All the data that follows should be repeated exactly, without a single picture.

Data shown:
--------

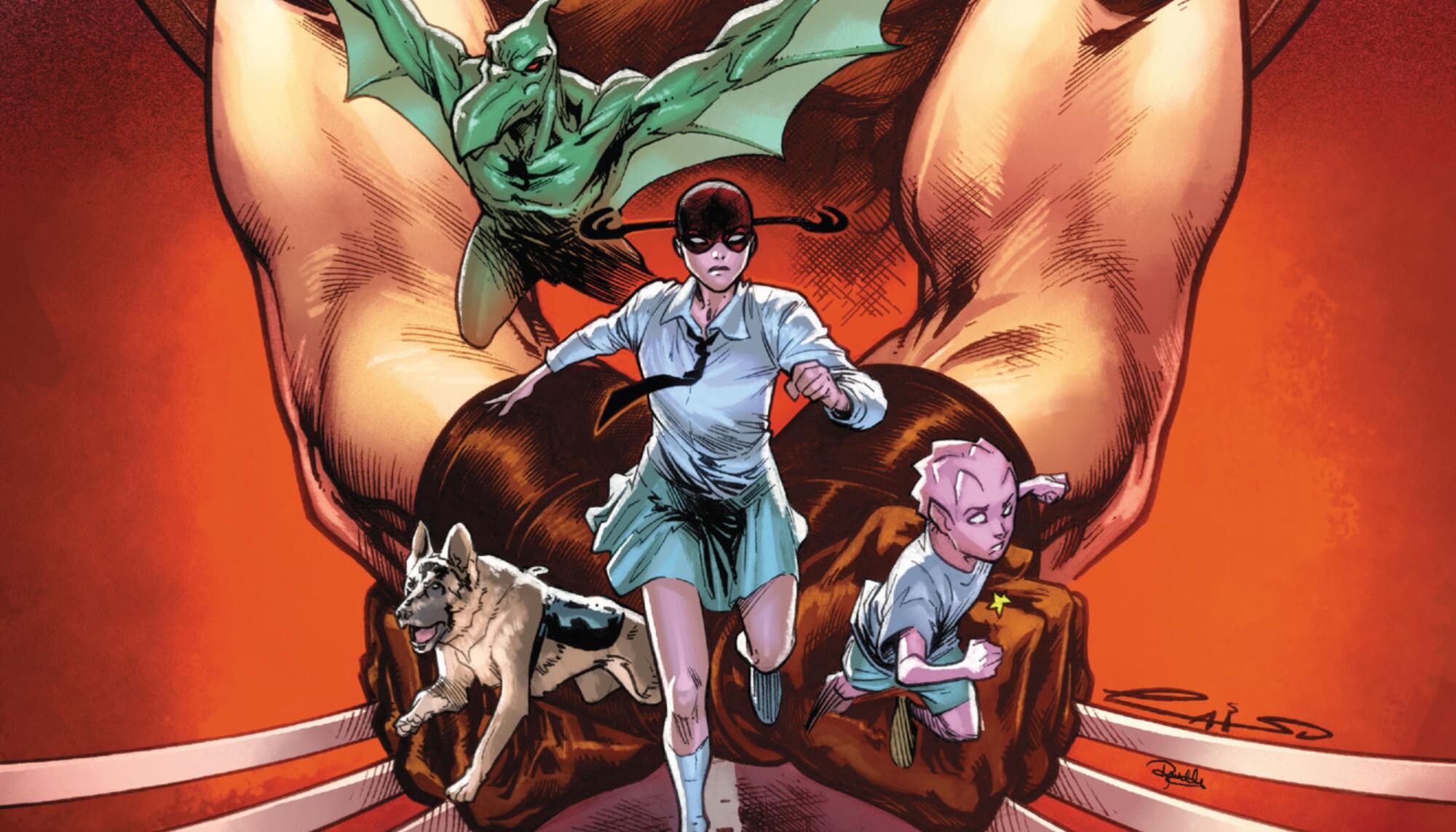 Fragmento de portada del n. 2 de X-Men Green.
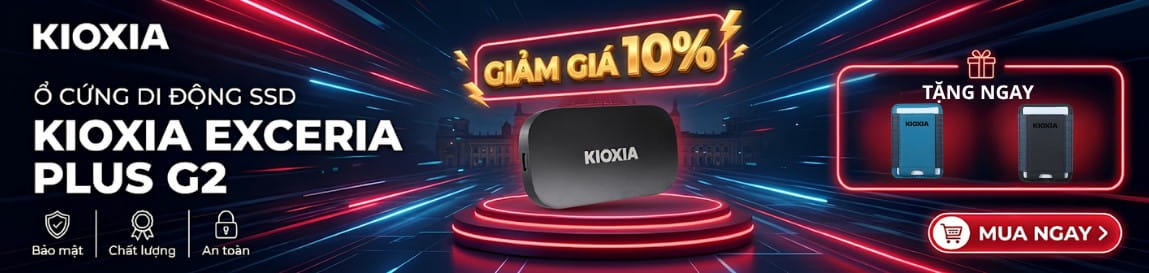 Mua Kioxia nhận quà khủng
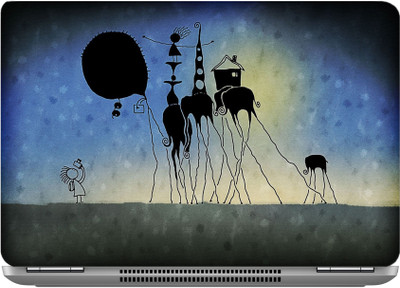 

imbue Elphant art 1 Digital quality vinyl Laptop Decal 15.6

--------

Output for this exercise:
 Fragmento de portada del n. 2 de X-Men Green.
 Mua Kioxia nhận quà khủng

imbue Elphant art 1 Digital quality vinyl Laptop Decal 15.6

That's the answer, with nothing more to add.